Lord knows journalism needs help. Sure there’re promising green shoots: data-oriented journalism, the open data movement, and crowd-sourced reporting and analysis to name a few. Here’s some other good news: An NYU student and successful entrepreneur, John Meyer, has a new iPhone app that crowdsources far flung citizen photographers to provide great photo content for existing media outlets.
I’m getting ahead of the story a little. First, Meyer had the idea of putting together news and pictures for a new generation that wants to see everything on the small screen. I chatted with Meyer over the phone last week while he was out in California for the Apple World Wide Developer Conference. He’s hoping Apple will feature his photojournalism app, Fresco on the AppStore page.
He told me that since his peers are getting their news from Twitter and Facebook, he had the thought about a year ago–actually at WWDC in 2013– there should be a more efficient way to absorb news quickly.
So if a picture is like a hundred tweets, and assuming you can sift through the news and aggregate the most newsworthy photos, then you’d have the makings for a powerful service. Which is what he did … while still a student at NYU’s engineering school. By the way his TapMedia company–headquartered in SoHo–already has a successful track record with several other iTunes apps.

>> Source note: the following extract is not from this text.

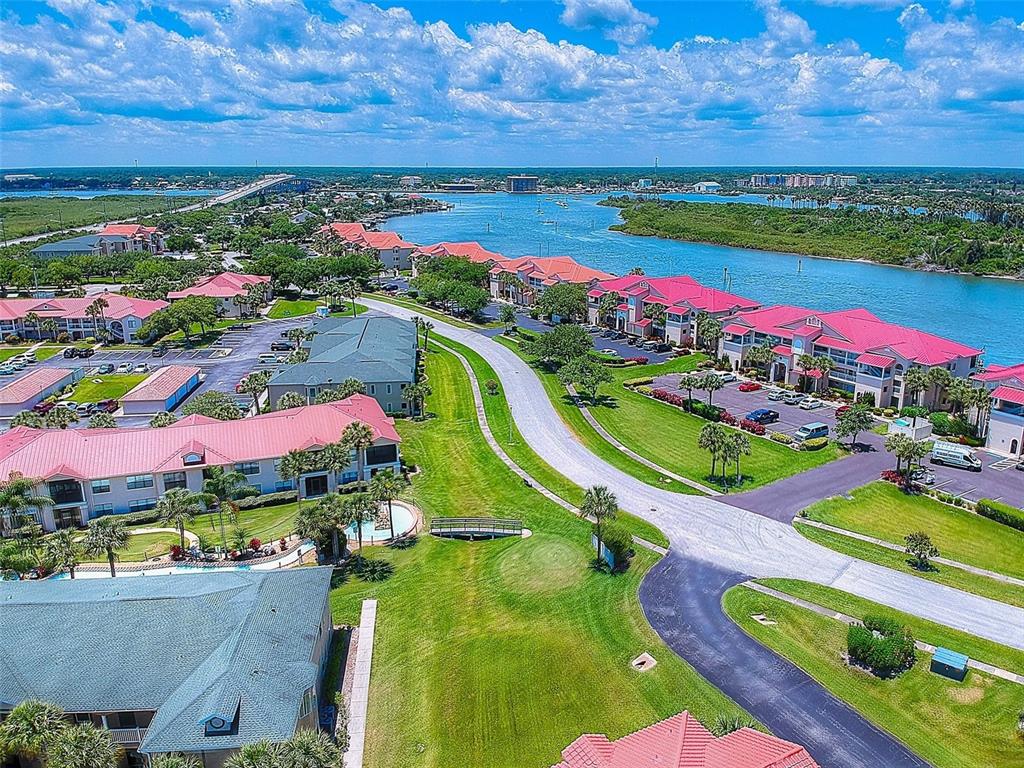 An aerial view shows a waterfront residential complex with red-roofed buildings and a winding road — 444 BOUCHELLE DRIVE UNIT 201, NEW SMYRNA BEACH, FL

So I downloaded Fresco early last week,and I’m noticing I’m using it during my morning commute. Sure, there are other services, but this one is simple and straightforward. Let’s face it, it’s not just Millenials, but just about everyone I see is using their smartphone to look at their emails and take calls during morning and evening rush hours. The next to-do is catch up on events, and then it’s a short hop to Fresco’s top stories.
For now, Meyer has an arrangement with AP and licenses their photos–makes sense since he was just starting up. He’s got some interesting plans going forward involving revenue sharing arrangements with both photo pros and amateurs. On his roadmap is a push service that will send alerts to Fresco subscribers based on location. He told me it’s expensive for, say, The New York Times to send a photographer to Thailand to cover the coup.
A local Fresco subscriber can take the pics, which Fresco will use for its own service and then license to the Times, AP, or other media outlets. Splitting the revenue, of course.